He conquers death. Right here you have the gospel. Right here you have salvation. Seriously, what is it we need to be saved from if not death himself? Death is the dark cloud casting its shadow over all of life. It is the universal experience of man to taste death, and we all taste its bitter dregs long before we take the dirt nap. This is just it. Death is the universal enemy of man. How do I know Jesus saved all men? Because he died, and in dying he conquered death! Because he rose from the dead! He walked out of the tomb proving that death was done! “It is finished” he yells from the cross. And by it, he means death. This can’t be something that is for some and not for others, because death is the enemy of all.

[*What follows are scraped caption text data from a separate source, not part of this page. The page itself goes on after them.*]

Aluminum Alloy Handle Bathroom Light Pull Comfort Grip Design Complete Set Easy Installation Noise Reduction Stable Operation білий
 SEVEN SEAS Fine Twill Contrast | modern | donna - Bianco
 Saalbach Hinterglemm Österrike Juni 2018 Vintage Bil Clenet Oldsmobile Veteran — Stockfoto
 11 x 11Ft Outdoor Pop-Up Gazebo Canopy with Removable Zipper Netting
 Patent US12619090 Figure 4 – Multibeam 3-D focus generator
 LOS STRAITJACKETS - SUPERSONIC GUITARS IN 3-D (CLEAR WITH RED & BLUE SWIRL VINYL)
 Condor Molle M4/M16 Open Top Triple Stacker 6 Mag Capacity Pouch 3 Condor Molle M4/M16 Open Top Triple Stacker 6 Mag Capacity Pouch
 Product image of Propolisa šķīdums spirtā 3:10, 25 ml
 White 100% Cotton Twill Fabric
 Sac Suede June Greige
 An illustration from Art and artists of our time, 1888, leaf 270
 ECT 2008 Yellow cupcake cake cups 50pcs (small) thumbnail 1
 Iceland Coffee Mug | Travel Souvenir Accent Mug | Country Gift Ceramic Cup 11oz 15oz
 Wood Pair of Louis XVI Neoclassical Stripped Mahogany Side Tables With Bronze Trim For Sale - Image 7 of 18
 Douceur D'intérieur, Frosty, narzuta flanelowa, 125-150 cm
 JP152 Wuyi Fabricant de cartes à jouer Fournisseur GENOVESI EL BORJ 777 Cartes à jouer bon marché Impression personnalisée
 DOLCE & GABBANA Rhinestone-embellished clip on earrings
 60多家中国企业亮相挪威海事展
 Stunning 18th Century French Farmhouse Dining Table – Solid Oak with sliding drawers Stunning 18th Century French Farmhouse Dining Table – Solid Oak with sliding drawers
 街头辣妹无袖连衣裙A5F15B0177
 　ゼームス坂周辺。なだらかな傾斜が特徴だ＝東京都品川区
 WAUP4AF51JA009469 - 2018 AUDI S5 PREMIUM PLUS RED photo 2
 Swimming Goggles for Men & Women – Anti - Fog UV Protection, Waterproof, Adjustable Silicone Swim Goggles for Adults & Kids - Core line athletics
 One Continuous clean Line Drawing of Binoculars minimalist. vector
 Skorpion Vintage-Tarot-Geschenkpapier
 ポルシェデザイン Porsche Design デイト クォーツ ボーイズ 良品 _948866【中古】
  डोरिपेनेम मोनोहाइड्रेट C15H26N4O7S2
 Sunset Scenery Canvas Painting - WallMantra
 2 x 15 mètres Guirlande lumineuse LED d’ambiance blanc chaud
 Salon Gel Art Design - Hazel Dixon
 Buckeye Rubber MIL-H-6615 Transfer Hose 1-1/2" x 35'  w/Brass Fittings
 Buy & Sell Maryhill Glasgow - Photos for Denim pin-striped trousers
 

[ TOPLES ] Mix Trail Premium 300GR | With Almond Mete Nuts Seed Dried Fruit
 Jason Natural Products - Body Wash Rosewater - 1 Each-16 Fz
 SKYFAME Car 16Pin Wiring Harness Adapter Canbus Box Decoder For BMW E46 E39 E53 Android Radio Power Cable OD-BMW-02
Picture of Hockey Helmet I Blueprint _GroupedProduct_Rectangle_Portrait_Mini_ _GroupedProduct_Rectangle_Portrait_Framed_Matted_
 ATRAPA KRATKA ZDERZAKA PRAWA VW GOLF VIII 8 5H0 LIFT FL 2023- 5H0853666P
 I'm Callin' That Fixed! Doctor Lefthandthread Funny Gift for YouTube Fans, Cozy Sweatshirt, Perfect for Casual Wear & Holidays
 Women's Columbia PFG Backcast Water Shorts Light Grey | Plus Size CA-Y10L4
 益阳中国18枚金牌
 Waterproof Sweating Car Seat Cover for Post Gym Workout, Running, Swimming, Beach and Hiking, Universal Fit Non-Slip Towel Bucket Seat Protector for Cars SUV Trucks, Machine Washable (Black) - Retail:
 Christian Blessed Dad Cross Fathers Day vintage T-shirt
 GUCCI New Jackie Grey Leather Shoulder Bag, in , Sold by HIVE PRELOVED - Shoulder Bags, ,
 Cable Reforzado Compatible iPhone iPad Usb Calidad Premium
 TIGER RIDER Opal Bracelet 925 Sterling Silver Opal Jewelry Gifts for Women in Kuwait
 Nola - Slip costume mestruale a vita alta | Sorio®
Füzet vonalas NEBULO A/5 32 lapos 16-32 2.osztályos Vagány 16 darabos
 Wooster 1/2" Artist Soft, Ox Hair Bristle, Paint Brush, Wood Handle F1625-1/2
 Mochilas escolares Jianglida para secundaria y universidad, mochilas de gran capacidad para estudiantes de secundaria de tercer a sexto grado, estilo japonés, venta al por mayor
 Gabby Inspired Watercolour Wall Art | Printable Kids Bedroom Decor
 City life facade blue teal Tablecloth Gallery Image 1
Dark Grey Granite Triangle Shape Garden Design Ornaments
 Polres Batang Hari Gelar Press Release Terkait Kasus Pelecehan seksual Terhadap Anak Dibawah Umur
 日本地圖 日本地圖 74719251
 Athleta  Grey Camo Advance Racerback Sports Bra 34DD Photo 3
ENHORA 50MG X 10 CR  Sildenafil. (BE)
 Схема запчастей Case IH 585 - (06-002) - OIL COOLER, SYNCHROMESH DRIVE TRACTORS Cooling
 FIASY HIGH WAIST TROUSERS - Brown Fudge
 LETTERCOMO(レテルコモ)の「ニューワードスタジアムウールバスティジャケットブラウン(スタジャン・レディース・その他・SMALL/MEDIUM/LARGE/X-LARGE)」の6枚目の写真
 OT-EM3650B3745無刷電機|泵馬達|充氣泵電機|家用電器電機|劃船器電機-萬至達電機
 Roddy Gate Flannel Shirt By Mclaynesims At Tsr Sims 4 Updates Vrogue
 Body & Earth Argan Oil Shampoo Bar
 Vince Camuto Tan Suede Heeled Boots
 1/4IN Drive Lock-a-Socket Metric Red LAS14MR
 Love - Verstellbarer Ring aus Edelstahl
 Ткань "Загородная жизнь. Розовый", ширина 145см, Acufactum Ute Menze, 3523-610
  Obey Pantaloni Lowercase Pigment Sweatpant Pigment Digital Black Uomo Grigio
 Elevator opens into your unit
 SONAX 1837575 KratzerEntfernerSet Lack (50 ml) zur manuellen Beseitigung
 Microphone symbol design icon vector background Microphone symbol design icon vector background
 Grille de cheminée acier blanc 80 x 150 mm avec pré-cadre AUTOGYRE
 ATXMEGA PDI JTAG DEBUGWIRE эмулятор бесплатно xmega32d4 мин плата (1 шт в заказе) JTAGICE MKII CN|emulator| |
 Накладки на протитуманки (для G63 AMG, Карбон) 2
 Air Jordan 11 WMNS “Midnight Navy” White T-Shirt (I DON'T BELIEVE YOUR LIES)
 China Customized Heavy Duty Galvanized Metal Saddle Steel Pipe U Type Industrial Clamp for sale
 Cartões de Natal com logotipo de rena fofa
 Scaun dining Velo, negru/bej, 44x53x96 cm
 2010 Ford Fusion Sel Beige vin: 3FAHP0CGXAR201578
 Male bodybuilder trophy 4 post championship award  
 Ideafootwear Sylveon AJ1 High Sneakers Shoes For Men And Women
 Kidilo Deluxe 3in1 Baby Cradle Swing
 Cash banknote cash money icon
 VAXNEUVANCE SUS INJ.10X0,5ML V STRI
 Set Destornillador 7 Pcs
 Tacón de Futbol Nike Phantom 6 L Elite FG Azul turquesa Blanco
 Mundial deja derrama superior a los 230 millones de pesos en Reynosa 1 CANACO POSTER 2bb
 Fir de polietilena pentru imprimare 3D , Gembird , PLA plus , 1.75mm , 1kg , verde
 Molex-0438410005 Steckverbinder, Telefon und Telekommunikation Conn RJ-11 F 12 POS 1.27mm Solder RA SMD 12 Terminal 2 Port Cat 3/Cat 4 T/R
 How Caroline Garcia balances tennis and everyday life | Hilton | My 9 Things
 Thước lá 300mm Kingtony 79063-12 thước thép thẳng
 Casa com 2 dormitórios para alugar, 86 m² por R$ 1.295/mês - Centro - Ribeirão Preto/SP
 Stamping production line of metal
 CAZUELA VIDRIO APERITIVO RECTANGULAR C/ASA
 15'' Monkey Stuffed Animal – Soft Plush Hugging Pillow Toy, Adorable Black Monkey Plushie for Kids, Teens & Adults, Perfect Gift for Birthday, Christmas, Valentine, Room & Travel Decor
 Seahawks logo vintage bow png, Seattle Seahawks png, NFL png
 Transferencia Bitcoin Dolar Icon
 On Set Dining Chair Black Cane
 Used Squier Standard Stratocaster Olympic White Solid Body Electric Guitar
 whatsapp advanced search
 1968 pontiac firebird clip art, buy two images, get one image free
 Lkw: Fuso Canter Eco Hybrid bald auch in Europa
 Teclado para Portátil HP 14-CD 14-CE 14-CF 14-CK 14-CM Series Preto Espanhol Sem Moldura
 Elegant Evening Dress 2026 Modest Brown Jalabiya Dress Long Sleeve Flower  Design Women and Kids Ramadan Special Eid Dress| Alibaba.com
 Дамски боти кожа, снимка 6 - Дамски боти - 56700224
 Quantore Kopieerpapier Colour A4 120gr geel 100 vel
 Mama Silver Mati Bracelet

Yes, death is the enemy of all. The enemy of all men, and the enemy of God who loves all men. This is what I find so hollow today in this world. We want to talk about circles of life that end in death. We don’t have funerals anymore, but celebrations of life. And they are pathetic. People want to talk of death as if it is natural. But God has put eternity in our hearts, and man knows that it just isn’t. I don’t care how many balloons you bring to a funeral, birthday cake tastes worse than wedding cake in the presence of death. But Christ rose from the dead, he walked out of the tomb, he gave us something to celebrate on the first day of each week, he gave us life, the answer to the eternity in our hearts. It is in him. He is the light of the world, because in him there is life.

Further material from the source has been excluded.